A minha poesia, é a minha incompreensão das coisas.

folhasdeluar

A minha poesia, é a minha incompreensão das coisas.

Hora lenta

Breve esperança a despontar na tarde

Sol de inverno olhar branco

Maré cheia caminho vasto

Sonho a despontar na proa dos veleiros

Beijo rápido e brusco....surpresa

Plenitude de almas em tarde leve

Perfeita respiração de dança

Hora lenta repuxo de água

Hora perfeita instante supremo

E leves os corpos bailavam na tarde

Espaçosos olhos riam para a vida

E na perfeição vasta da tarde

Clareou o nosso amor

Como se nos engolisse a infância e o poente

E ali vibrámos como quem renasce

Para todas as coisas que hão-de vir

Como quem transborda de amor!

 

Belém,5 janeiro de 1985

De mãos dadas

Conheço as emoções que cinjo ao peito

Jardim obscuro tremenda vaga

Esplendor de fantasia que transborda

Para o vento que ameaça o mar

Espuma de convés onde viajo

Quebradiço coração a expulsar desertos

Leve céu reino de paisagem onde me agarro

Corpo líquido caindo a pique dentro de mim

Não há noite nem lonjura

Não há receios na apoteose da alma

Apenas há uma busca estranha

Um constante trespassar de espuma

Um embalo maior que a madrugada

Apenas há um jardim

Que por vezes se quebra em pleno mar

Enquanto as nossas mãos dadas

Afastam o nevoeiro.

Para sempre

Transporto as horas sob um véu de estrelas

Os meus passos correm sobre dunas

E o veneno das sílabas fala-me de sustos e de memórias

Não foi assim há tanto tempo que as palavras eram outras

Que as horas não se distanciavam dos rios e das praias

Mas também eu era um outro

Era um medo...um verso...uma forma de dizer

Agora...longínquos sóis invadem o meu torpor

A minha voz já não é um fogo rente à tua face

E o meu coração já esqueceu o caminho suave das maresias

Em meu redor há pássaros

Que se insinuam na longevidade dos dias

Há uma lúcida amnésia de florestas e castanheiros

Há uma espessura que me aflora

Como uma fuligem que os ventos arrastam

E eu...escuto os sinos...os passos

O eco das grutas onde escondemos a lua

Não há lugares de sempre

Não há ruas sem fim

Há apenas recomeços

Por um instante...

Pensei que havia uma chama eterna

Um passado...um agosto único

Mas há uma surpresa...

Uma violência em cada sílaba..um nascer de novo

Onde fica o Destino quando a luz se apaga?

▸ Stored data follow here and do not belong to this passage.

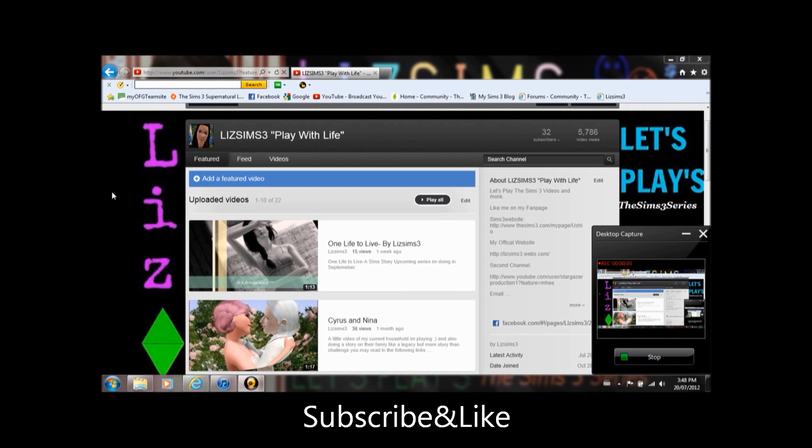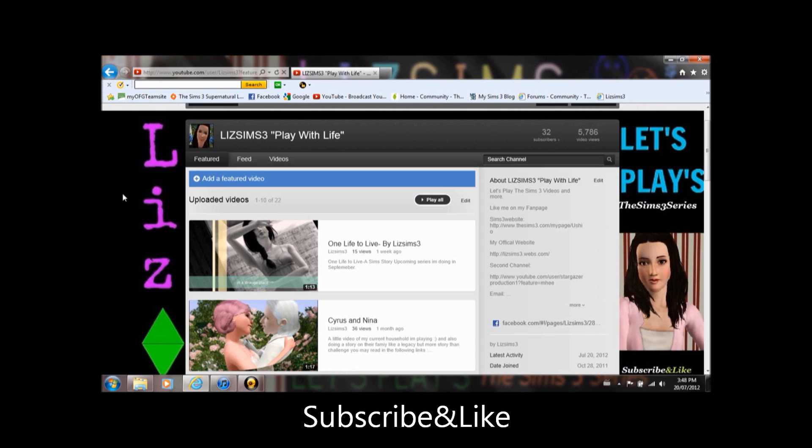Hi everyone, this is The Sims 3, and I'm going to be just doing an update of my LPs.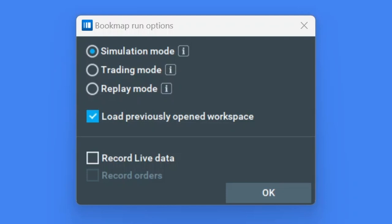After you downloaded Bookmap, a run options window will appear. In this video, we'll cover this window. There are three options to choose from.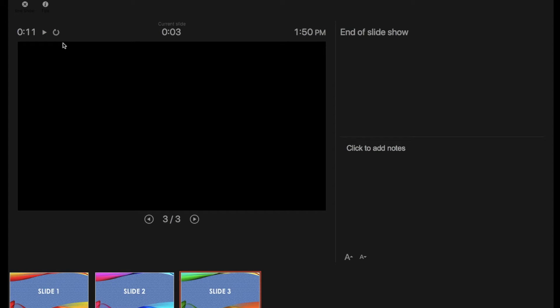To reset the slide timer, click the repeat button. Click the play button, then the pause button after 3 seconds.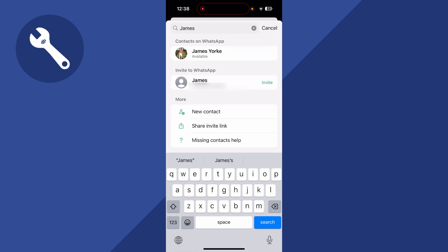Now if that person is on WhatsApp, you'll be able to select them from the list, and you can start a conversation with them directly. Now if this person's not on WhatsApp, if they've not signed up for WhatsApp, then you'll see this invite button instead. And all this basically means is this person does not have a WhatsApp account.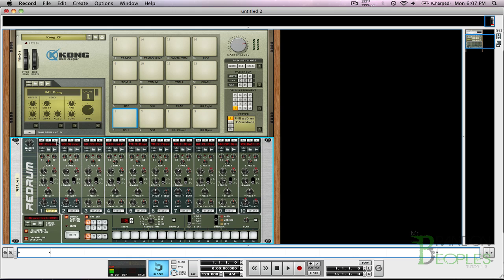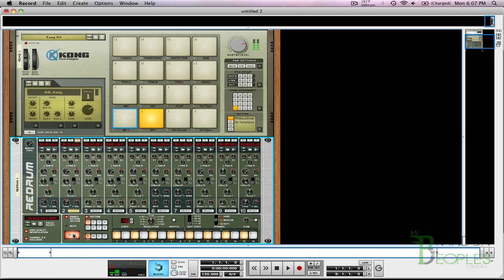So basically now when I play this, it's playing my Kong. If I was to set up a beat and hit run, it would do my beat. So that's just a super easy way to hook up a sequencer to your Kong.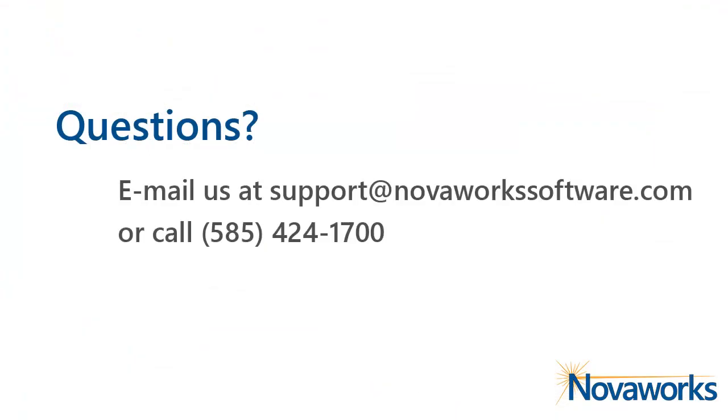And that concludes this tutorial on how to use the XDX Setup Wizard. Thank you for watching.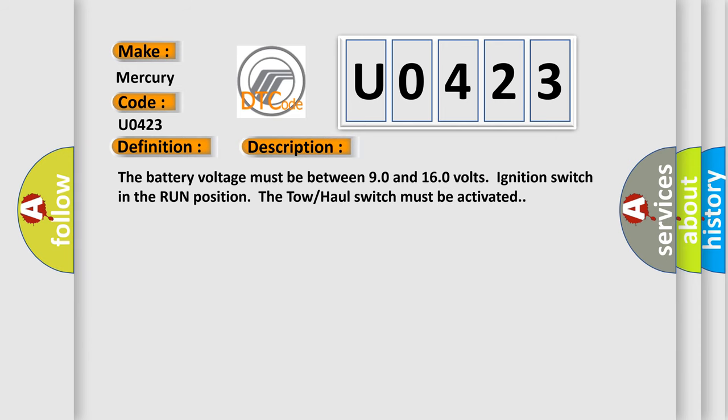The battery voltage must be between 90 and 160 volts, ignition switch in the run position. The tow-haul switch must be activated.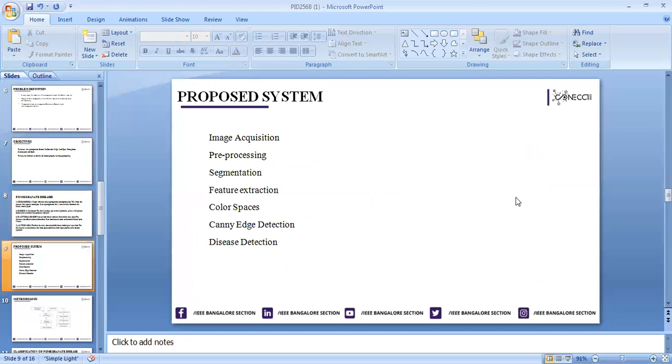These are the proposed system steps. First is image acquisition, where we retrieve images from some sources to get the dataset. Next is pre-processing, where images are processed pixel by pixel to increase the efficiency of the method. In pre-processing, we remove noise and unwanted things.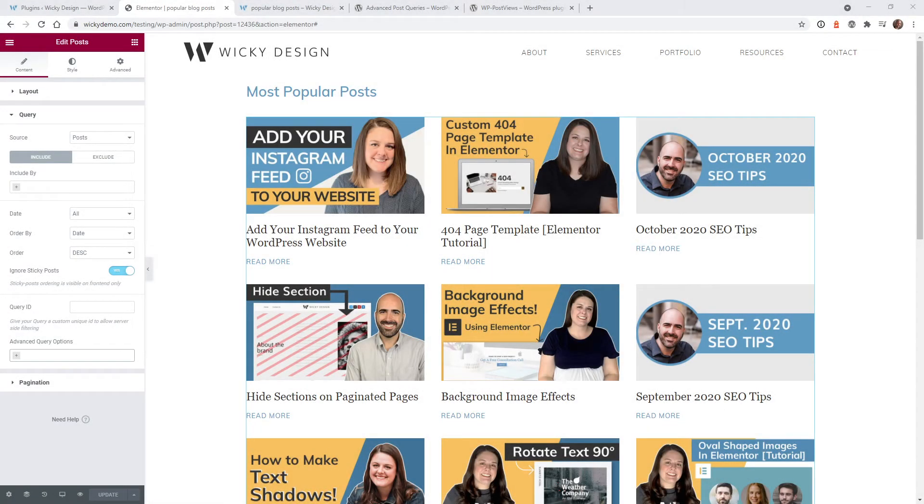Hi, this is Mark from Wikidesign. In this video, I'm going to show you how to display your blog post feeds by most popular post.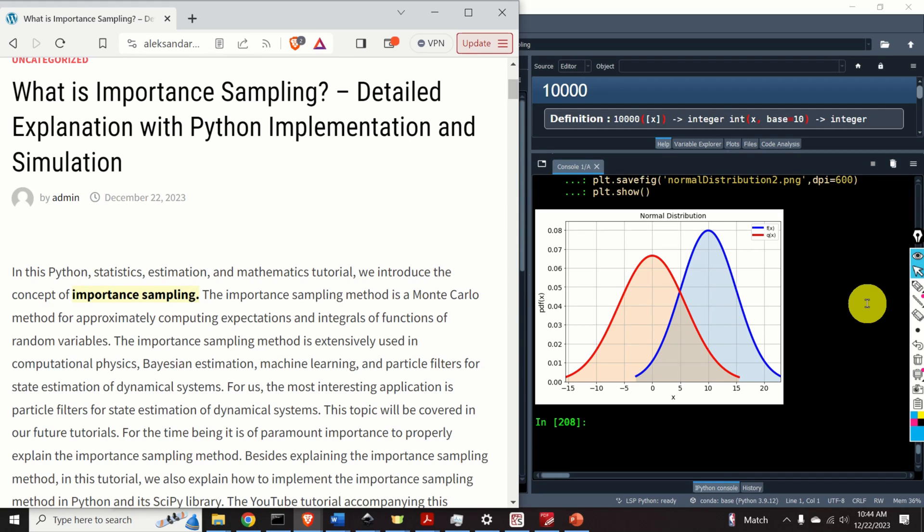Hello everyone. In this Python Statistics, Estimation, and Mathematics tutorial, we introduce the concept of importance sampling.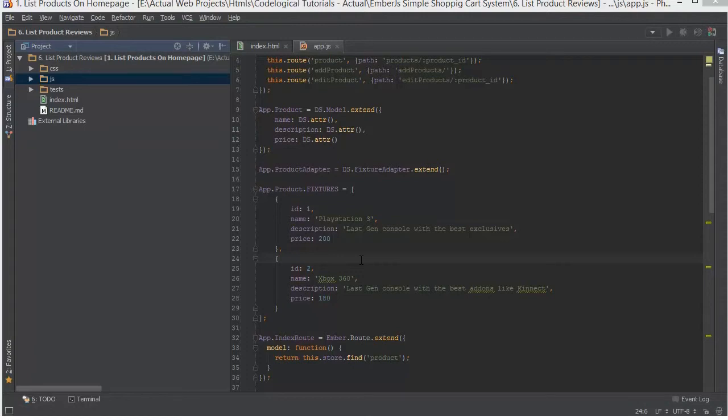Up until now we've been focusing on the back end of our shopping cart system. Now let's shift the focus more to the front end. We'll still be dealing with the back end, but our emphasis will be on the front end. In today's video we're going to add a listing of reviews functionality to our shopping cart system.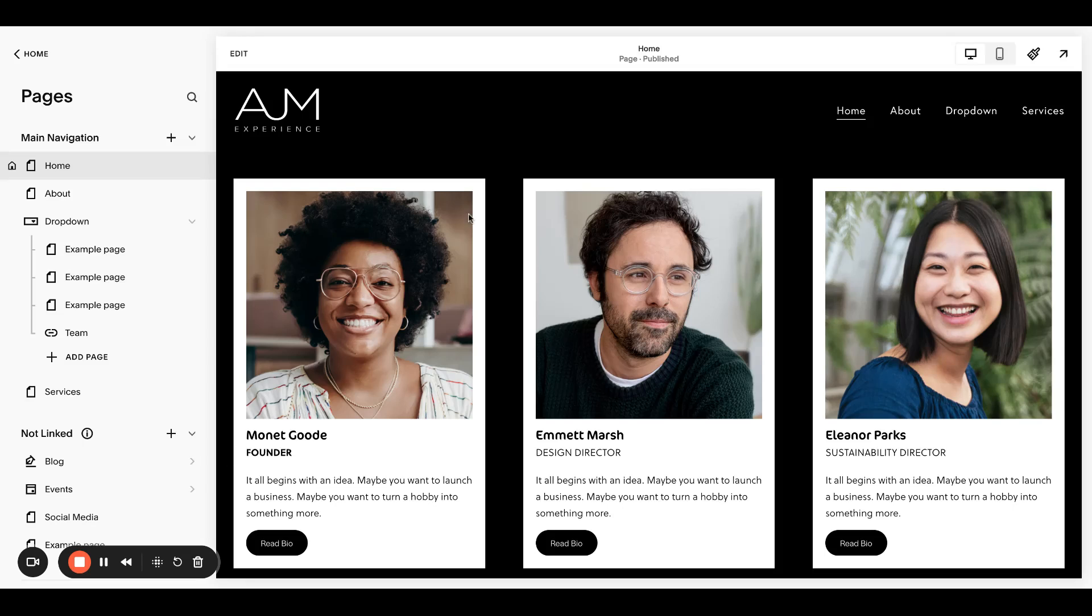Hello, welcome back to AJM Learn. Today I'm going to show you how to set up recurring payments on your Squarespace store.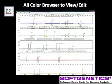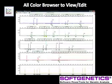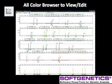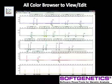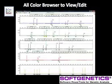Many labs prefer to review and edit files in the allele browser. The electropherogram and report tables in the main analysis screen are automatically updated with edits made in the allele browser view.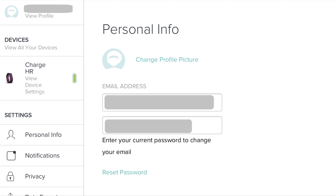Step 6. Enter the new email address you want to associate with your Fitbit account in the Email Address field, and then enter the password associated with your account in the field directly beneath it.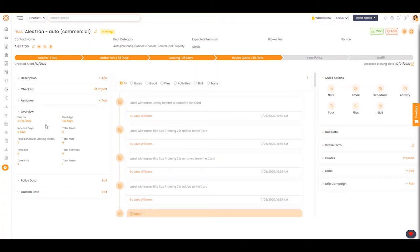This gives you an overview of how much effort and what types of effort you're putting into this deal card.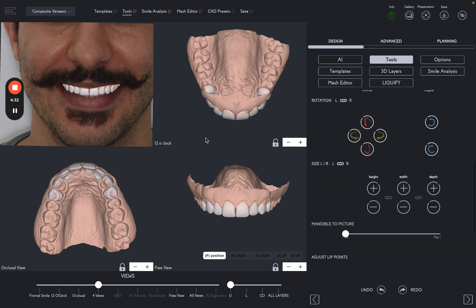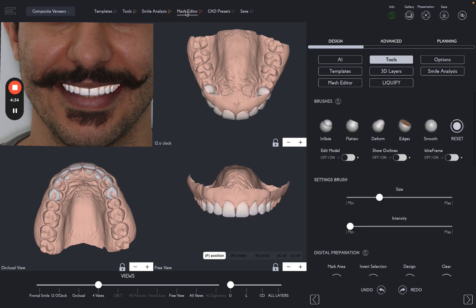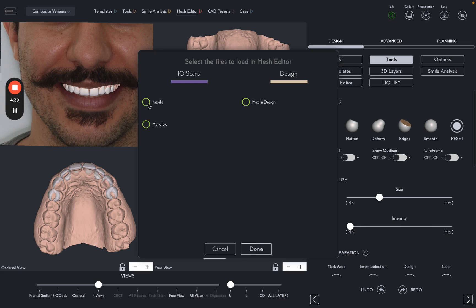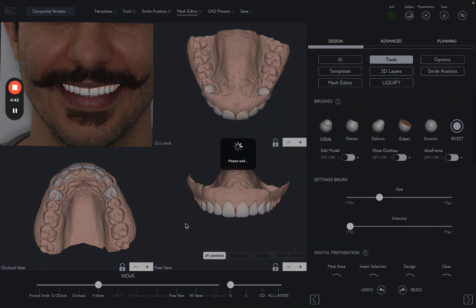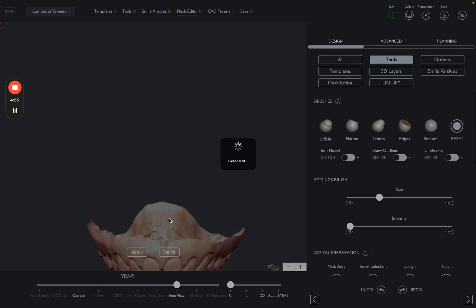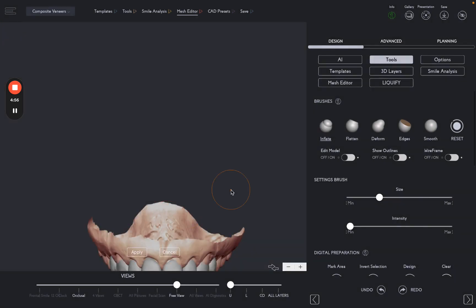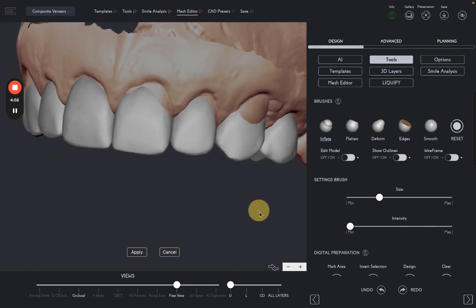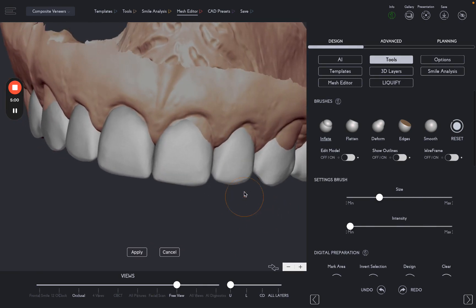To finish our design, we will go to Mesh Editor and fine-tune our templates. Let's start by adding material on the area where it's needed.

Onde mora o eterno fluxo dos olhares?

Disseram-me que se respirasse fundo

O mar não se cansaria de mim

Que os peixes seriam os meus marítimos guias

E a voz estonteante das gaivotas

Diria os poemas que perdi no horizonte

Mas o sol é dourado e eu deixo-me ofuscar

Traço riscos sobre folhas amarelecidas

Esculpo palavras no âmbar da noite

E para meu consolo...

Plantaram árvores no mesmo lugar onde estivemos

Agora já só me falta...

Desenhar nos seus troncos o teu nome

Para sempre...

Para alguém que partiu

Como dizia Thoreau, é preciso chupar o tutano da vida, para um dia não dizermos que não vivemos.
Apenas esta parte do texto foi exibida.